I am working with a list of lists where some items have overlapping values.
list=[[7, 11, 'Feature01'],
[2, 6, 'Feature02'],
[31, 59, 'Feature03'],
[31, 41, 'Feature04'],
[20, 40, 'Feature05'],
[25, 30, 'Feature06']
For example, in the below items Feature04 lies inside Feature03 coordinates.
[31, 59, 'Feature03'], [31, 41, 'Feature04'],
Similarly in the below example, Feature06 lies inside Feature05 coordinates.
[20, 40, 'Feature05'], [25, 30, 'Feature06']
I want to retain only one item in such an overlapping scenario and update the original/master list of lists to save non-overlapping list items.
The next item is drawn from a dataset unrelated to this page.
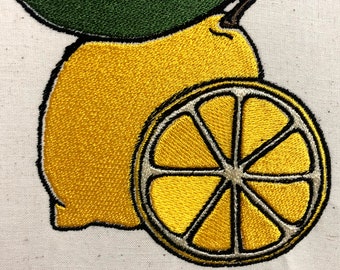 Lemon Machine Embroidery Pattern Embroidery Design Digital File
I found almost similar question but could not get it to work.
Thanks in advance
CodePudding user response:
Sort the list by the starting point of the interval, tiebreaking based on endpoints of intervals (in descending order). Then, you add an interval if it isn't contained by the most recently added interval to the result:
lst.sort(key=lambda x: (x[0], -x[1]))
result = [lst[0]]
for entry in lst[1:]:
current_start, current_end, _ = entry
last_start, last_end, _ = result[-1]
if not (last_start <= current_start <= current_end <= last_end):
result.append(entry)
print(result)
This outputs:
[[2, 6, 'Feature02'], [7, 11, 'Feature01'], [20, 40, 'Feature05'], [31, 59, 'Feature03']]